Image preprocessing for OCR can be tuned via OcrConfig(tesseract_config=TesseractConfig(preprocessing=ImagePreprocessingConfig(...))) with options for target DPI, auto-rotate, deskew, denoise, contrast enhancement, and binarization method.

init

__init__(
    *,
    config: ExtractionConfig | None = None,
    config_path: str | Path | None = None,
    store_full_path: bool = False,
    batch: bool = True,
    easyocr_kwargs: dict[str, Any] | None = None
) -> None

Create a KreuzbergConverter component.

Parameters:

  • config (ExtractionConfig | None) – An optional kreuzberg.ExtractionConfig object to customize extraction behavior. Use this to set output format, OCR backend and language, force-OCR mode, per-page extraction, chunking, keyword extraction, and other kreuzberg options. If not provided, kreuzberg's defaults are used.
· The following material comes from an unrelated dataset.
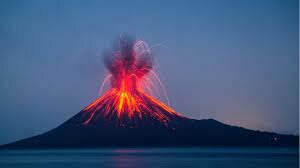 Erupción de Krakatoa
See the kreuzberg API reference for the full list of configuration options.
  • config_path (str | Path | None) – Path to a kreuzberg configuration file (.toml, .yaml, or .json). Cannot be used together with config.
  • store_full_path (bool) – If True, the full file path is stored in the Document metadata. If False, only the file name is stored.
  • batch (bool) – If True, use kreuzberg's batch extraction APIs, which leverage Rust's rayon thread pool for parallel processing. If False, sources are extracted one at a time.
  • easyocr_kwargs (dict[str, Any] | None) – Optional keyword arguments to pass to EasyOCR when using the "easyocr" backend. Supports GPU, beam width, model storage, and other EasyOCR-specific options. See the EasyOCR documentation for the full list of supported arguments.

to_dict

to_dict() -> dict[str, Any]

Serialize this component to a dictionary.

Returns:

  • dict[str, Any] – Dictionary with serialized data.

from_dict

from_dict(data: dict[str, Any]) -> KreuzbergConverter

Deserialize this component from a dictionary.

Parameters:

  • data (dict[str, Any]) – Dictionary to deserialize from.

Returns:

  • KreuzbergConverter – Deserialized component.

run

run(
    sources: list[str | Path | ByteStream],
    meta: dict[str, Any] | list[dict[str, Any]] | None = None,
) -> dict[str, list[Document]]

Convert files to Documents using Kreuzberg.

Parameters:

  • sources (list[str | Path | ByteStream]) – List of file paths, directory paths, or ByteStream objects to convert. Directory paths are expanded to their direct file children (non-recursive, sorted alphabetically).
  • meta (dict[str, Any] | list[dict[str, Any]] | None) – Optional metadata to attach to the Documents. This value can be either a list of dictionaries or a single dictionary. If it's a single dictionary, its content is added to the metadata of all produced Documents. If it's a list, the length of the list must match the number of sources, because the two lists will be zipped. If sources contains ByteStream objects, their meta will be added to the output Documents.

Note: When directories are present in sources, meta must be a single dictionary (not a list), since the number of files in a directory is not known in advance.

Returns:

  • dict[str, list[Document]] – A dictionary with the following key:

  • documents: A list of created Documents.